Though it certainly does sound like you're making him up, the Funky Phantom was very real. Well, relatively real.

He was the main character in a short-lived 1971 series called, appropriately, "The Funky Phantom." In it, three teens who are driving around aimlessly with their dog inadvertently free the ghost of a Revolutionary War soldier. The ghost (who, it should be said, was not particularly funky -- certainly not by 1970s standards) follows the kids around, helping them solve mysteries.

If the teenagers-and-a-dog-solving-mysteries premise sounds familiar to Hanna-Barbera watchers, it gets worse. The Funky Phantom was voiced by HB mainstay Daws Butler, doing the exact same voice he used for the much better-known character Snagglepuss (Butler voiced loads of characters for the company over the years, including such notables as Yogi Bear, Huckleberry Hound and Quick Draw McGraw).

The advantage to the fact that the show didn't last very long is that now, true fans can get the complete series in one DVD boxed set.

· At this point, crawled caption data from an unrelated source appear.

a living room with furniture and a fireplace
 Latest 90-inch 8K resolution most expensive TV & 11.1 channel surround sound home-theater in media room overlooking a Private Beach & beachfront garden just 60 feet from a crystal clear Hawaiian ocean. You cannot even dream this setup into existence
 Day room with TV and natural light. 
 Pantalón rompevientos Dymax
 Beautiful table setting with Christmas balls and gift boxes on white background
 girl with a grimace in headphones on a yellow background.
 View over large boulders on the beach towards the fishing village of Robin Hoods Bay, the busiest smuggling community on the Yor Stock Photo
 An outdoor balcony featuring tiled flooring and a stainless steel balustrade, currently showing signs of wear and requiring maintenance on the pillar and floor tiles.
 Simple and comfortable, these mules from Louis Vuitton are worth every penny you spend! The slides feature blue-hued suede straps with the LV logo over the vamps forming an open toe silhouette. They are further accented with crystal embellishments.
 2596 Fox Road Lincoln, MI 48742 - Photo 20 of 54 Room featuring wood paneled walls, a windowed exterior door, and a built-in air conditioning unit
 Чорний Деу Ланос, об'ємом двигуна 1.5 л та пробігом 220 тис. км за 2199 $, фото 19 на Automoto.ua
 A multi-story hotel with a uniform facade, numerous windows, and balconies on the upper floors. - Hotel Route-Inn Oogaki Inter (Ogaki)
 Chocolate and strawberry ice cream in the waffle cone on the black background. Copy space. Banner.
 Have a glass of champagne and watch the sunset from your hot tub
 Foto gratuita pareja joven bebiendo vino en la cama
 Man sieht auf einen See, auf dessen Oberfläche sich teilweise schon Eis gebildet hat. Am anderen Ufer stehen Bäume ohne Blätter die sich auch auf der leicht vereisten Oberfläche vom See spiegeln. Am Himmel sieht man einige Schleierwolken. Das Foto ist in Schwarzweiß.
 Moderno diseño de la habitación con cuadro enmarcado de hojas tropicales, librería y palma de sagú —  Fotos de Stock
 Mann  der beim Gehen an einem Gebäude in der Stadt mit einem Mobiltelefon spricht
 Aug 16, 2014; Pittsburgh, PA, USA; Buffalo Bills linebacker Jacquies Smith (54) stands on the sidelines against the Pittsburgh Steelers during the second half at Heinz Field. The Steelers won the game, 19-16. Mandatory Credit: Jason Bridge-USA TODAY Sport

And, in fact, a single-season run wasn't that uncommon for Hanna-Barbera, which produced dozens and dozens of TV shows from the 1950s onward. This resulted in a huge stable of characters that the company reused frequently, such as in the series "Wacky Races" (which also only lasted a single season), which pitted characters from the company's various shows against each other in a sprawling road race.